China-backed Cameroon kribi port angers locals
Kribi’s autonomous port is one of the biggest Chinese investment projects anywhere in the world. When it finally opens for business, it will be the largest deepwater port in central Africa.
Some 85 percent of the €1.1 billion ($1.3 billion) budget for the new harbor project is financed by the Export-Import Bank of China, with the rest falling to the government of Cameroon. The state-run China Harbor Engineering Corporation (CHEC) has been overseeing construction.
Natural resources for China
Cameroon’s government is hopeful the new port will stimulate its economy and provide relief for the harbor at Duala, the country’s most populous city, while also providing dock space for larger ships. China, meanwhile, has its eye on nearby iron reserves, which are to be connected to new road and rail infrastructure.
To build the port, the village of Lolabe had to be destroyed. Unfortunately for its 300 inhabitants, land law in Cameroon is a gray zone. When Yasa peoples founded Lolabe in the early 20th century, they did so without property deeds or administrative permission. Very few of the villagers possessed papers proving they own property. They were given a small amount of money in damages and were then forced to immediately leave their homes for a CHEC-constructed housing development.
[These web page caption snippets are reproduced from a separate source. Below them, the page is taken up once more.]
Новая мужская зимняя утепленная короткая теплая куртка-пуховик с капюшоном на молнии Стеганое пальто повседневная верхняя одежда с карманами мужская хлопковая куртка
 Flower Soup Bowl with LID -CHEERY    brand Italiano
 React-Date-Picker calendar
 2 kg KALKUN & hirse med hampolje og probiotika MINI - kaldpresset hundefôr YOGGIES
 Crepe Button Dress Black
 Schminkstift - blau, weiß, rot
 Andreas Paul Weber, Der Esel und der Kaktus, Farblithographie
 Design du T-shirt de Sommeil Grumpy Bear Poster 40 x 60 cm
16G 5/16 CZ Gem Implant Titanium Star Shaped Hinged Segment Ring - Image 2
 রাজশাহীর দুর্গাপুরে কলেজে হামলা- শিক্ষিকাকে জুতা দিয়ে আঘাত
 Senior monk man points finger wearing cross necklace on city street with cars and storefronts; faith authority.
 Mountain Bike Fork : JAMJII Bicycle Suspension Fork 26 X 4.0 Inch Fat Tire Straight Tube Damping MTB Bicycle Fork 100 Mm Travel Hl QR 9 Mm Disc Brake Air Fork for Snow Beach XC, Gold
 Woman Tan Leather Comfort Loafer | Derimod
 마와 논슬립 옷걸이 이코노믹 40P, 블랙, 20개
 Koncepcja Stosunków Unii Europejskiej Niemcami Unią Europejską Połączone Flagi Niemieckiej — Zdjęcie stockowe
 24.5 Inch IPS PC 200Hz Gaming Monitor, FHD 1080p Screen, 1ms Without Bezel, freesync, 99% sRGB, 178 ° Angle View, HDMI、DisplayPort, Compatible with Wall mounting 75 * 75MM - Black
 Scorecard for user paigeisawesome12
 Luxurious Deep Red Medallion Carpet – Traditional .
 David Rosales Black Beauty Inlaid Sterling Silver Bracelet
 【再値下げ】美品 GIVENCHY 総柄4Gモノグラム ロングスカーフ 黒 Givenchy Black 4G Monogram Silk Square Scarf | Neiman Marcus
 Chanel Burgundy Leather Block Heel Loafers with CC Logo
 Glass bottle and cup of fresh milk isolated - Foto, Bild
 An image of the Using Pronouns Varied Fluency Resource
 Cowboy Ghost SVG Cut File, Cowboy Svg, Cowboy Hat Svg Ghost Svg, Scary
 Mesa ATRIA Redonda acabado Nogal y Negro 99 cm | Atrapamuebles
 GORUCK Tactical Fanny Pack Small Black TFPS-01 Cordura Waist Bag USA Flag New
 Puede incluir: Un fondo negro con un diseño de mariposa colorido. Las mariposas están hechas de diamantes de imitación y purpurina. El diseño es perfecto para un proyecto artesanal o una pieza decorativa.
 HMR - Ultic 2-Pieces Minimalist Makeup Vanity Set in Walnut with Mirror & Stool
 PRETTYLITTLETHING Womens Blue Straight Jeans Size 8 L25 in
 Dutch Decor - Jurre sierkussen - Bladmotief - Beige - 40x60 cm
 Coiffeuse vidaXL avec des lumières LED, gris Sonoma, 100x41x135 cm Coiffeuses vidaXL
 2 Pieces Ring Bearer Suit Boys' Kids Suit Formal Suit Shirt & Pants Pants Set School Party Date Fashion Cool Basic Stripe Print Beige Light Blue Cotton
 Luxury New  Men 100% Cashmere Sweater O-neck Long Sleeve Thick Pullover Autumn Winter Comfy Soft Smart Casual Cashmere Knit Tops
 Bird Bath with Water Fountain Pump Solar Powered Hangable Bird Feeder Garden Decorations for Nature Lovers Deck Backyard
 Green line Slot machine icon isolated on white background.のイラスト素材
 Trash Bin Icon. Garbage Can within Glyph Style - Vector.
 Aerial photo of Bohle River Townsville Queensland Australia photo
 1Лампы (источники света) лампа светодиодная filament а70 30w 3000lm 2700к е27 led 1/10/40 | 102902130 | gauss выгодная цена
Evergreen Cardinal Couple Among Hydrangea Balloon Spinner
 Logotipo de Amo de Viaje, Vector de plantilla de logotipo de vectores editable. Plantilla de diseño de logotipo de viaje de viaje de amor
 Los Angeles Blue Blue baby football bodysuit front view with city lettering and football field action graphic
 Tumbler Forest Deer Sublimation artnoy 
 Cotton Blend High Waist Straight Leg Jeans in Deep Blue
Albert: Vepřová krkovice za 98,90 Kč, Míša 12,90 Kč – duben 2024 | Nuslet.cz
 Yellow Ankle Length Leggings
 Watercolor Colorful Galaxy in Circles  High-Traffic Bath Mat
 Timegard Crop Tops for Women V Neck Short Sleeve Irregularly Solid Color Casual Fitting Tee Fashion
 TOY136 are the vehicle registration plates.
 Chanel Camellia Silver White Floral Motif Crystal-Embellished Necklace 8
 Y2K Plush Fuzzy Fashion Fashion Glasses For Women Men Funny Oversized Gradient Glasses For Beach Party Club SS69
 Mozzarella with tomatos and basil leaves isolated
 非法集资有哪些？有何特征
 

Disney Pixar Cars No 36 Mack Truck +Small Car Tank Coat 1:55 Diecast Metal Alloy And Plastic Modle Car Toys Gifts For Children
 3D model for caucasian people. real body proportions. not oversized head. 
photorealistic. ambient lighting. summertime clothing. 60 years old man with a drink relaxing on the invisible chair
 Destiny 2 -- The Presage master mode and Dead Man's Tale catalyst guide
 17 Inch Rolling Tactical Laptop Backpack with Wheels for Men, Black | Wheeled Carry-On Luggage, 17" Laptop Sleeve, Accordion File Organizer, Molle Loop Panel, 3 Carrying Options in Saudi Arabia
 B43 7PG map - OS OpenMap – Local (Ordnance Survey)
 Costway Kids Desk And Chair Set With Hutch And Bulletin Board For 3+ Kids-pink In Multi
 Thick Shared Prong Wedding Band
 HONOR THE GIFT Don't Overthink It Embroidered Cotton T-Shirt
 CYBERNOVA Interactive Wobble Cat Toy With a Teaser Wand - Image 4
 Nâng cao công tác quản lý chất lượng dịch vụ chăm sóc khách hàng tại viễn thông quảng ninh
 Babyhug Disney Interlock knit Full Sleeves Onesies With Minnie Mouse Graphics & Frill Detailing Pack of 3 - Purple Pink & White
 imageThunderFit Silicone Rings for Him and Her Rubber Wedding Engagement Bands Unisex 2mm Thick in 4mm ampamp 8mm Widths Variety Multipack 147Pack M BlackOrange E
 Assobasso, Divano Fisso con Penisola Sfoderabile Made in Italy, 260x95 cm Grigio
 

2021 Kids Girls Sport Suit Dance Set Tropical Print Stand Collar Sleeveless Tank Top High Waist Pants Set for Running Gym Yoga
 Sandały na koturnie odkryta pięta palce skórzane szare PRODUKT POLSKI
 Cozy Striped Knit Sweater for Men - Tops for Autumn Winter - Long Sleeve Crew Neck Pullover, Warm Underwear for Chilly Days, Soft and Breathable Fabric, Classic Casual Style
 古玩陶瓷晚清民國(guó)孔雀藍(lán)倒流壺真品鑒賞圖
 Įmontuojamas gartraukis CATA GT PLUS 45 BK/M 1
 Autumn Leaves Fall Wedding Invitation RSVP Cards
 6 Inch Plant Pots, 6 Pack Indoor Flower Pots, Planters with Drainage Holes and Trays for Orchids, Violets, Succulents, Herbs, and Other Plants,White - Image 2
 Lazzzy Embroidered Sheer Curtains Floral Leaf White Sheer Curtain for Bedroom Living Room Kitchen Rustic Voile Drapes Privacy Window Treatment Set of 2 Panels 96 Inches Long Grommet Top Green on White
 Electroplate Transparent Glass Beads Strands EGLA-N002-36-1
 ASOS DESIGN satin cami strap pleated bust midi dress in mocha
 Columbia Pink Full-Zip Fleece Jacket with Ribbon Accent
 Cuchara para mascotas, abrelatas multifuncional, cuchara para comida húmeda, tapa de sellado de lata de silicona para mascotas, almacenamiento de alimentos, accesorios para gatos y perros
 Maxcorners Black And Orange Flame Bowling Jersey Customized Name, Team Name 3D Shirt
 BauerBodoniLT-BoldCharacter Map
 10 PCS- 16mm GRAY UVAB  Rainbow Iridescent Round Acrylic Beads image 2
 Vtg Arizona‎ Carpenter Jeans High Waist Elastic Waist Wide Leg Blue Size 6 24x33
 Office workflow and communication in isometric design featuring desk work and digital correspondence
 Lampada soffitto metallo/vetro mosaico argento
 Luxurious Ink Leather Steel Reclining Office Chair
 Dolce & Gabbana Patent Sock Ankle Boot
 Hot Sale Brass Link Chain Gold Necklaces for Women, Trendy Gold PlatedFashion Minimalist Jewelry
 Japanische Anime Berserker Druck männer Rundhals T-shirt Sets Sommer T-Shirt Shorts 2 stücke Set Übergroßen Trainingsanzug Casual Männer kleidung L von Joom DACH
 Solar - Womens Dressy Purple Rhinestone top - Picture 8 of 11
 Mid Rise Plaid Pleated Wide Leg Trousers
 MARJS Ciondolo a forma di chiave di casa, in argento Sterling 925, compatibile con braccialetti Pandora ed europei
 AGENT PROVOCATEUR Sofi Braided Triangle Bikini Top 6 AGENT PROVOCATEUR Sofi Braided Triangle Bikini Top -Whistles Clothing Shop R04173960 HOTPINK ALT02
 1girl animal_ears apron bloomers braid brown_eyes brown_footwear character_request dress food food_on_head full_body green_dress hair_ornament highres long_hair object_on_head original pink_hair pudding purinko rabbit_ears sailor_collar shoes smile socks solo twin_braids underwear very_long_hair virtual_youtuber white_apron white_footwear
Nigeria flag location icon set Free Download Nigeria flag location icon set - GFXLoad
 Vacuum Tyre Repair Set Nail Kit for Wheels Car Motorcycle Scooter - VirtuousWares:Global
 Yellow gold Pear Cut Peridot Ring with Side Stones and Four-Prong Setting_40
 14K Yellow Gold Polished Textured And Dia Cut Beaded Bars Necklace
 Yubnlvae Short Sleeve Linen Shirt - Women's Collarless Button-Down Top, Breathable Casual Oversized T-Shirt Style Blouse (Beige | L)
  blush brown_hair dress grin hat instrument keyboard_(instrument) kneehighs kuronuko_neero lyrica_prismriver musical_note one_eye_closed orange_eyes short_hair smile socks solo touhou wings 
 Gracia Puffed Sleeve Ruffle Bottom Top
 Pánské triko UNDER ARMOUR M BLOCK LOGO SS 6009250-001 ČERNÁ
By 2013, only €22 million of the €36 million that Prime Minister Philemon Yang approved for compensation back in 2010 had been paid out. The other €14 million is alleged to have been embezzled by corrupt politicians.
“Villagers were very optimistic when they heard about the harbor project. We hoped it would bring jobs and improve our lives,” said Theodore Ivaha, Lolabe’s vice village chief. “But for the last couple of years we have just gotten more angry because we are not profiting at all.”
Although construction has created jobs, they are rarely given to locals, instead going to workers from other parts of Cameroon. Most people in the region, and especially those from villages directly neighboring the harbor, simply do not have the qualifications required to fill them.
Villagers waited in vain for the head of CHEC to visit them in an effort to fill positions — something that is regular practice among French companies operating in the country. But it didn’t happen. Job openings were publicly listed and quickly filled. Many of those Cameroonian workers who relocated to the area are accused by locals of having “stolen” their jobs.
Cultural and physical divide
Cameroonian laborers on the building site have complained about working conditions, while Chinese supervisors have derided the locals’ poor work ethic. Chinese site manager Qiangquang Li likened the endeavor to “looking for gold in the desert.”
Chinese and local workers at the site are often separated by more than just cultural divides. The roughly 300 Chinese workers in Kribi reside in a closed camp at the harbor, with living quarters, offices, a cafeteria and a Chinese cook. They rarely leave, and there is little if any contact with locals. Local products, contrary to all prior hopes, are largely shunned by the Chinese workers.
“The government should actually mediate between residents and foreign companies, informing them of the wishes and needs of the locals, helping foreign organizations and companies to foster development,” said investigative journalist Christophe Bobiokono. “But many governments in Africa simply fail at that task, so companies cannot count on them.”
That leaves it up to locals and CHEC to create an effective communication platform. The first steps have already been taken. Now locals are hoping that tourism might take off when family members come to visit those Cameroonian workers who relocated here from other parts of the country.